In a game that defied convention almost all the way, Tulane saved the most unlikely turnaround for the final possession.

A maligned offense that had gone next to nowhere in the first nine games came up huge at the end against Army. After blowing a 21-point lead, the Green Wave blew right down the field, and Andrew DiRocco drilled a 35-yard field goal as time ran out to beat the Black Knights 34-31 on Saturday at Michie Stadium in West Point, New York.

Tulane (3-7) snapped a five-game losing streak and made life a whole lot easier for everyone associated with the program for at least a week. Army (2-8) lost its third in a row.

“Our offense finally woke up,” coach Curtis Johnson said. “Our defense has been saving us all year, but that last drive was outstanding.”

Quarterback Tanner Lee and company took over at their 23-yard line with 1:53 left following Army’s 16-play, 87-yard touchdown drive that tied the score. The Black Knights faked the extra point and made a 2-point conversion, but it was nullified by offsetting penalties that forced them to settle for an extra point.

Lee, wild and off-target for most of the day while continuing to play through an injured finger on his throwing hand, completed 3 of 4 passes on the drive, including a critical third-down throw to receiver Devon Breaux. Dontrell Hilliard carried four times for 24 yards to move the ball to the Army 18 with 4 seconds left.

DiRocco then sent the game-winner right down the middle, sparking a huge celebration.

“Sometimes we need a little help from the offense,” said defensive tackle Tanzel Smart, who was credited with nine tackles in another dominant performance. “They sure did provide that for us today.”

Lee finished 14 of 29 for 252 yards and two touchdowns with one interception. Hilliard rushed 14 times for 91 yards.

Army rushed for 216 yards but needed 55 attempts to do it, averaging 3.9 yards per carry while Tulane made 10 tackles for loss.

In a sense, the ending was fitting since little that happened before it fit the pattern of either team’s season.

Army scored three touchdowns on its opening possession.

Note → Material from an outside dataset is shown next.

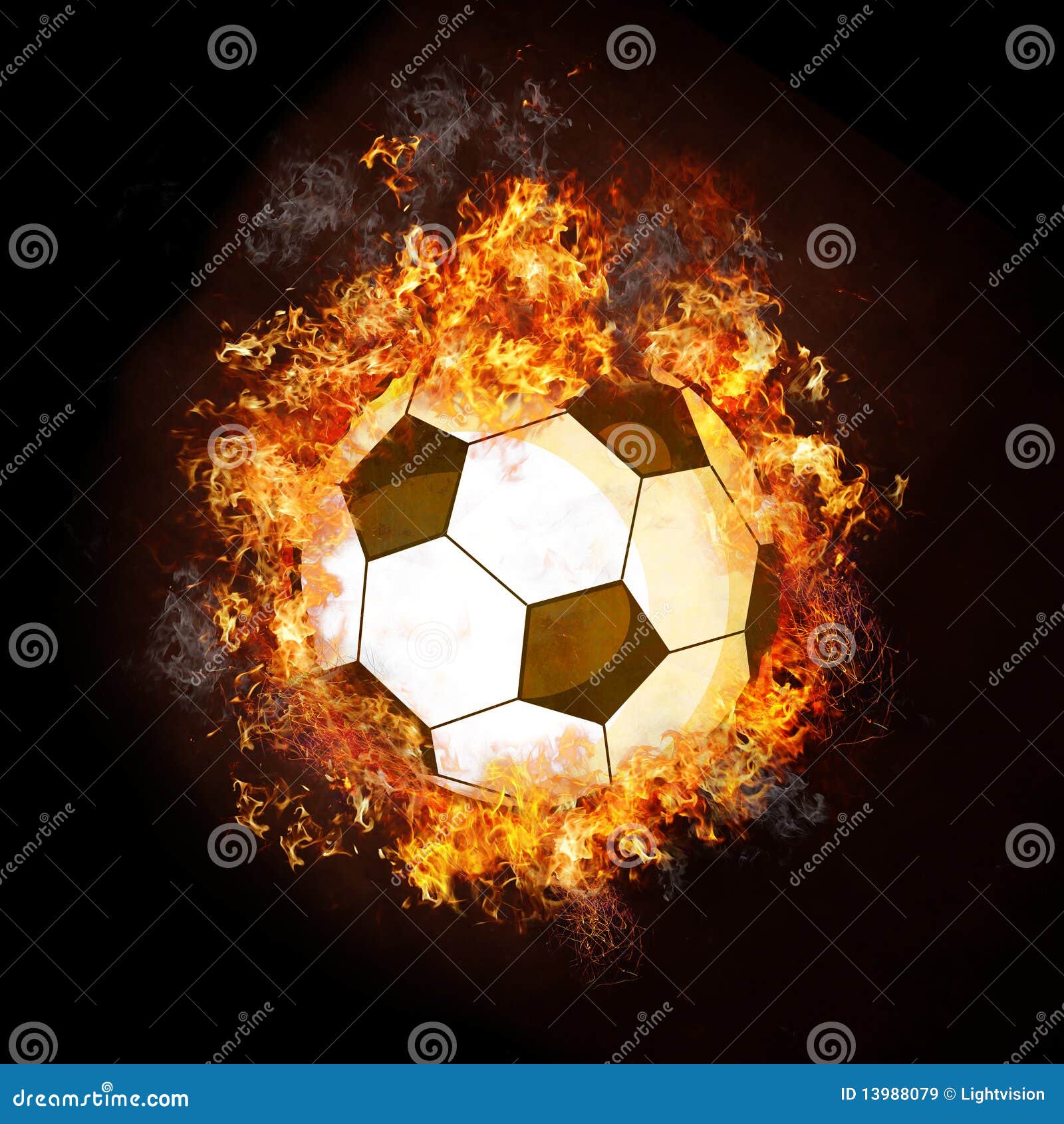 Jogo americano de futebol Fire Ice com bola esportiva de fogo e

Only one counted: A 72-yard run was shortened to a 37-yard gain by a penalty and another flag turned a 36-yard scoring reception by quarterback Ahmad Bradshaw on a fourth-down trick play into a 15-yard gain.

Bradshaw finally scored anyway, running in from 3 yards, and the comedy of errors continued from Tulane.

Kickoff returner Josh Rounds let a ball bounce by him, picked it up and got clobbered at the Tulane 10 by teammate Rae Juan Marbley, who was trying to block. An errant snap on the Wave’s first play forced a 6-yard loss, leading to a three-and-out.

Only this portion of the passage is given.